ボタフォゴ移籍 本田を悩ませる?2大レジェンド

2020年02月10日 16時40分

会見で背番号4を披露した本田(AP)

 反動が怖い? ブラジル1部ボタフォゴに加入した元日本代表MF本田圭佑(33)が、現地で大きな期待をかけられている。本拠地リオデジャネイロ入りし、ニウトン・サントス・スタジアムでの入団会見(8日)では、集まった約1万人のサポーターから大歓迎を受けた。いよいよ古豪クラブ再建のキーマンとして再スタートするが、2人のレジェンドが本田を悩ませそうだ。

 背番号4のユニホーム姿で会見した本田は「欧州やアジアからオファーがあり、何が自分にとって最適かを考えた。(ブラジルの)人々の情熱が決断させた」と加入の理由を説明。「中盤でゲームを組み立てることが僕の役割になる。若くていい選手がいるので、その選手を生かしながら中盤でゲームを支配するためにプレーしたい」とチームへの貢献を誓った。

 一方、選手代理人でブラジルサッカー事情に詳しい田路雅朗氏(64)は「リオデジャネイロで本田が盛り上がっているらしいけど、それなりの活躍を見せないと反動があるだろうな。ブラジル人はサッカーを見る目が肥えているし、期待が大きいほど失望も大きくなるから」と指摘する。

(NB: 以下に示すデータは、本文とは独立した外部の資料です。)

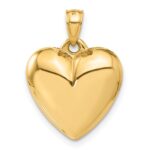 14K Polished 3-D Puffed Heart Pendant - Image 3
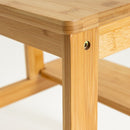 Taburete escalera de 2 peldaños de bambú natural de 47 cm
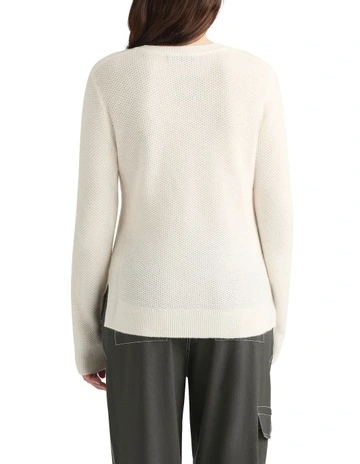 Moss Stitch Knit in Ivory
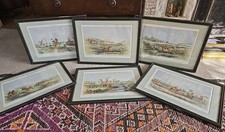 6 Antique Equestrian PROOF Hogarth Framed Hunting HK Browne  Fores's Series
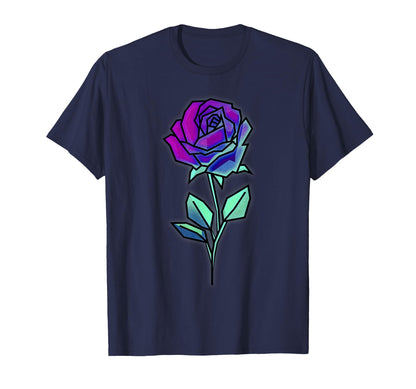 Cyber Aesthetic Rose Futurism T-Shirt - Minimalist Print Men Women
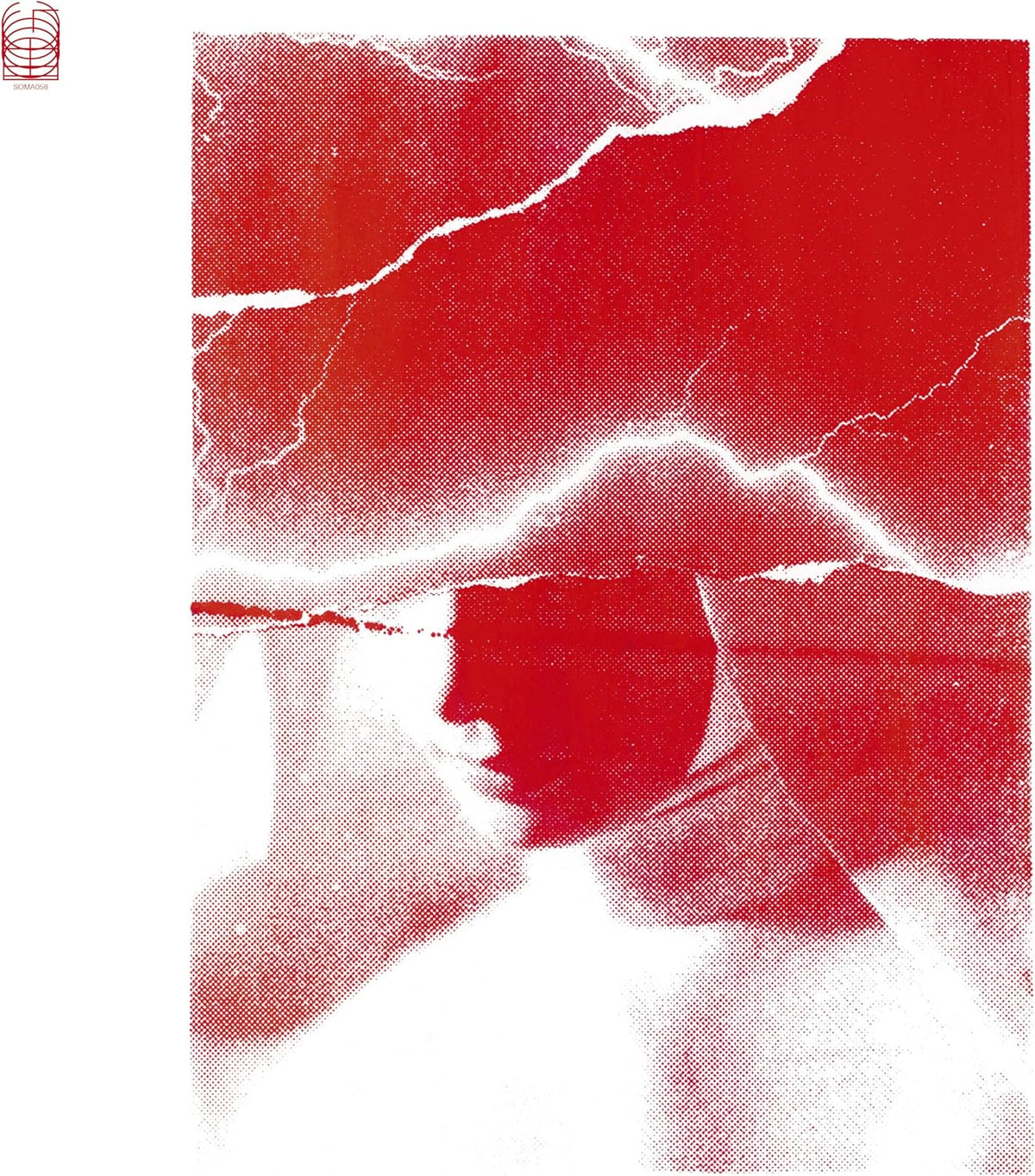 Red halftone portrait of a person with their face obscured.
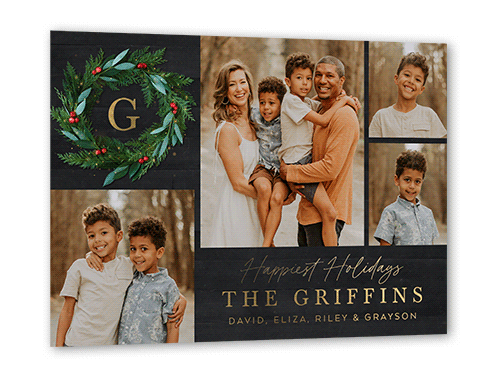 Rustic Holly Wreath Holiday Card, Black, Gold Foil, 5x7, Holiday, Matte, Personalized Foil Cardstock, Square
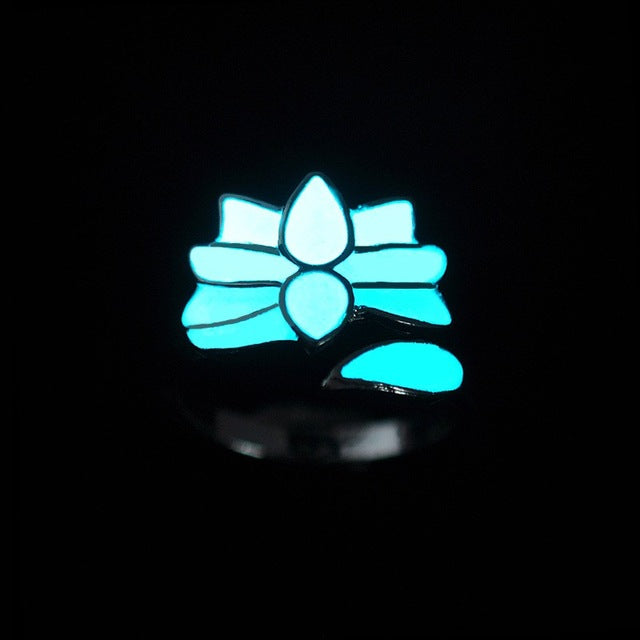Punk Luminos Ring For Women Adjusted Geometric Mayan Mysterious Luminous Fluorescent Glowing Rings Stoneanel Feminino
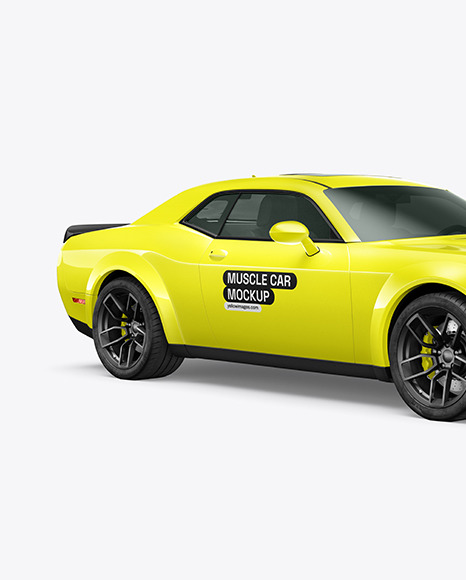 Muscle Car Mockup - Half Side View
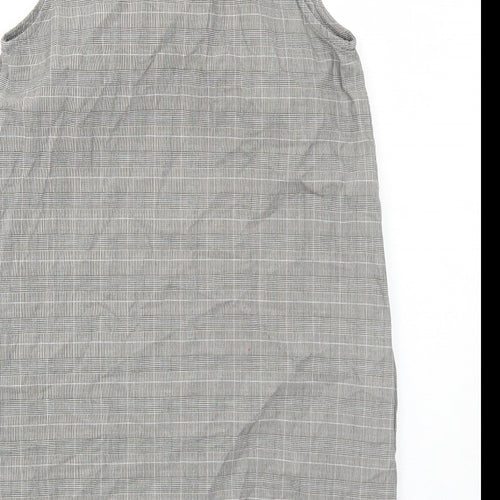 River Island Womens Grey Plaid Camel Shift Size 8 Round Neck Button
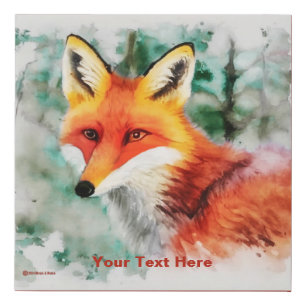 Whimsical Red Fox Faux Canvas Print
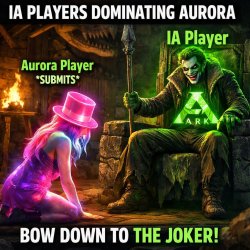 An ark themed meme of a player with a neon see through pink top Meme Template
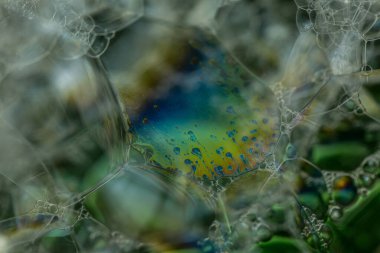 Sabun köpüğü soyutlaması hareket ve farklı renklerle çok yakın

 特に影響を与えそうなのが、かつてボタフォゴに所属し「史上最強の助っ人」と呼ばれた元オランダ代表MFクラレンス・セードルフ氏(43)の存在だ。本田と同じイタリア1部ACミランで10番を背負った選手で、後にミランの監督として復帰。本田もミラン時代に指導を受けたとあって、地元メディアは「セードルフと同じ活躍が求められている」と報じた。

 もう一人がカズこと元日本代表FW三浦知良(52=横浜FC)だ。1986年に名門サントスとプロ契約し、90年には全国選手権で大活躍。外国人選手ながら専門誌「プラカー」の表紙を飾るなど大きな足跡を残した。カズの代理人も務めた田路氏は「これまでブラジルの全国レベルで活躍した日本人選手はカズヨシしかいないから」。

 こうした状況では2人のレジェンドと比較されることになり、地元のファンやメディアが本田を見る目が厳しくなるのは避けられない。「まあまあのプレーでは本田は認められないんじゃないか。好プレーができなければ普通に石とか投げられる。カズヨシだってデビュー当時は、よく物が飛んできたよ。ブラジルのファンは熱狂的だし、ビッグクラブは特にな」(田路氏)

 もちろん本田も理解しており「日本人が活躍するのは極めて難しい状況だと思う。僕にとって大きなチャレンジ」と語った上で「ブラジル人に認められたい」ときっぱり。24歳以上のオーバーエージ(OA)枠で東京五輪出場を熱望しているが、その前に名門復活を願うボタフォゴサポーターを納得させるプレーを見せるしかない。